▶ Entries shown:
▶

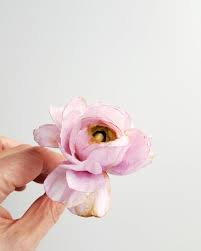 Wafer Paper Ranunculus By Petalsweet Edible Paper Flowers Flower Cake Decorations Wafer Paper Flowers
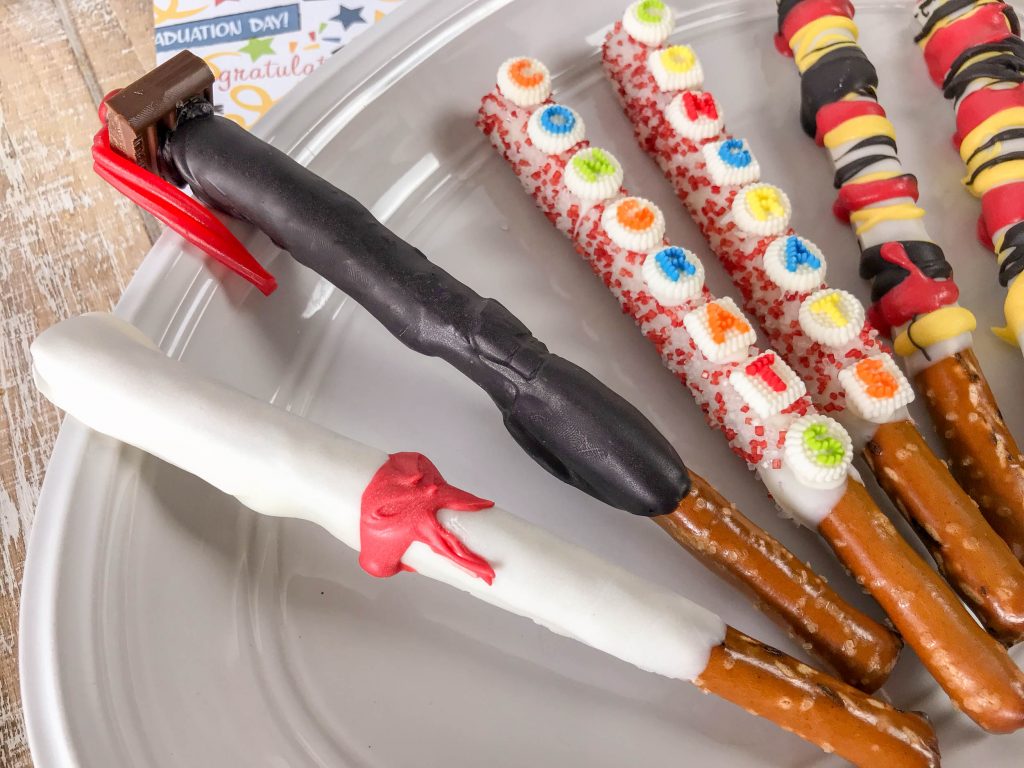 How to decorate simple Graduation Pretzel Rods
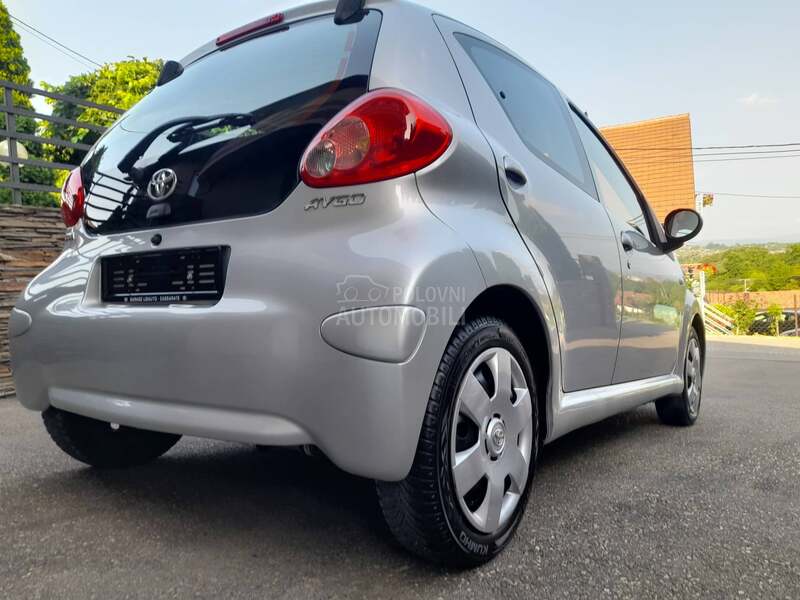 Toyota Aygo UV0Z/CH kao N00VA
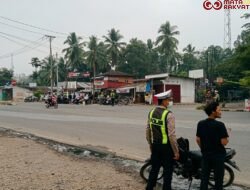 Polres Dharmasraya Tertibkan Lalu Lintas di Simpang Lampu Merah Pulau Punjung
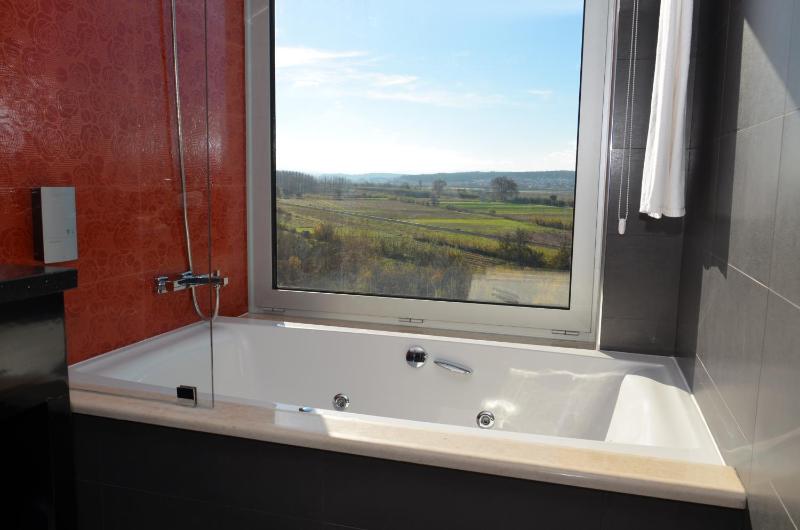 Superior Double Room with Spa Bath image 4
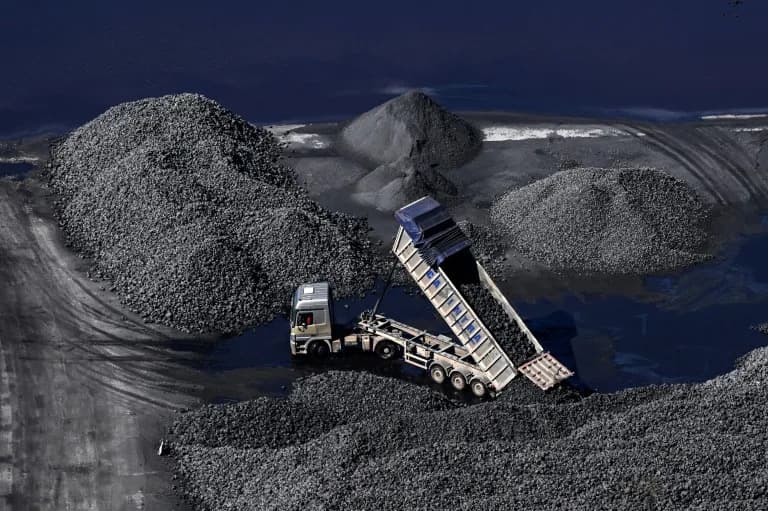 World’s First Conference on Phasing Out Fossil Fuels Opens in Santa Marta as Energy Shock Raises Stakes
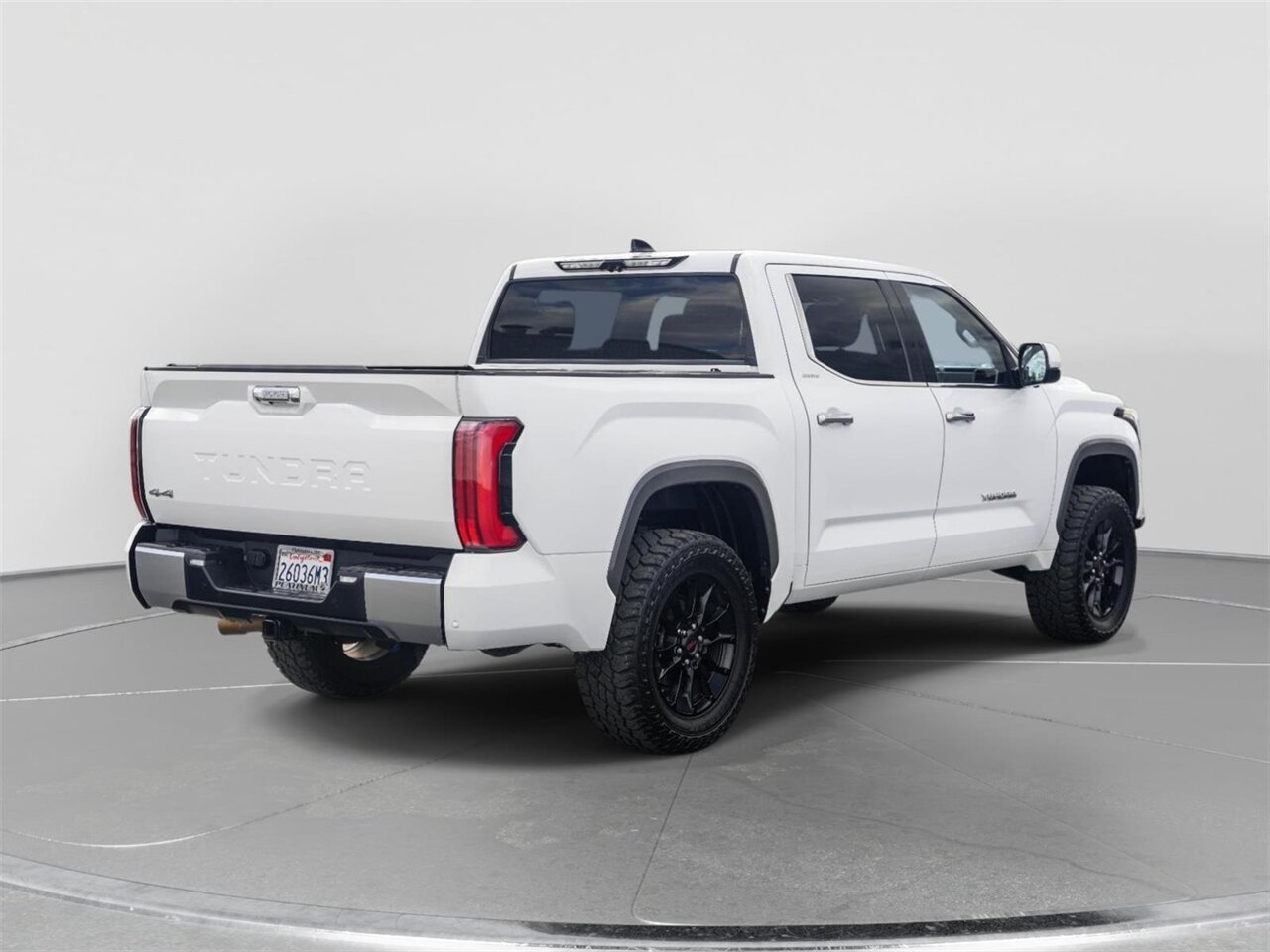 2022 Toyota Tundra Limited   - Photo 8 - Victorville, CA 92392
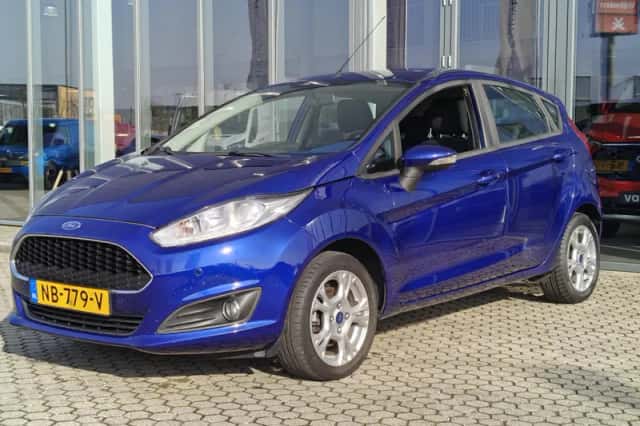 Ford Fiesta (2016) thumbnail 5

◀
▶

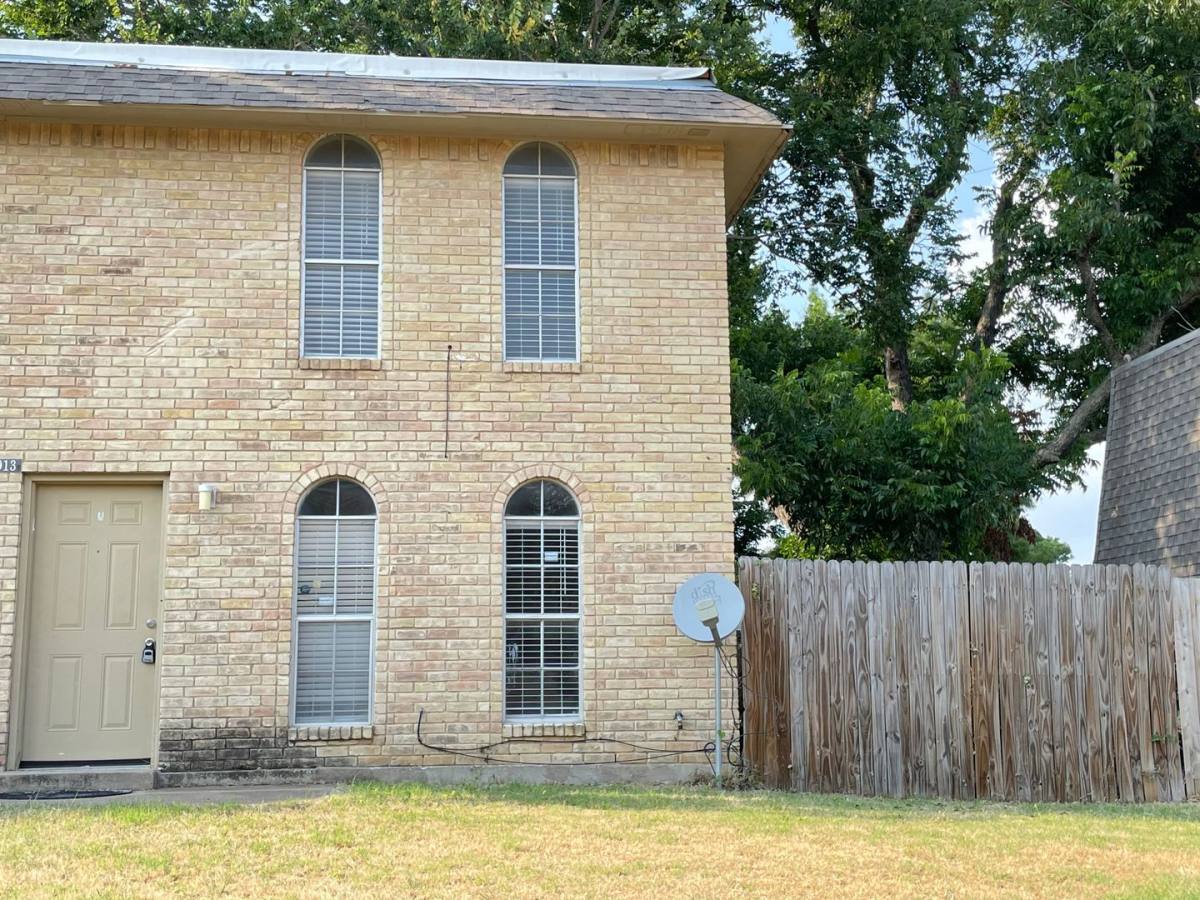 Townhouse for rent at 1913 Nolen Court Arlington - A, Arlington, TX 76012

◀

▶ Goal of the exercise: Without the pictures, give again exactly the lines above starting at the line containing "Wafer Paper Ranunculus" and ending at the line containing "Ford Fiesta (2016) thumbnail 5".

▶ Task output:
 Wafer Paper Ranunculus By Petalsweet Edible Paper Flowers Flower Cake Decorations Wafer Paper Flowers
 How to decorate simple Graduation Pretzel Rods
 Toyota Aygo UV0Z/CH kao N00VA
 Polres Dharmasraya Tertibkan Lalu Lintas di Simpang Lampu Merah Pulau Punjung
 Superior Double Room with Spa Bath image 4
 World’s First Conference on Phasing Out Fossil Fuels Opens in Santa Marta as Energy Shock Raises Stakes
 2022 Toyota Tundra Limited   - Photo 8 - Victorville, CA 92392
 Ford Fiesta (2016) thumbnail 5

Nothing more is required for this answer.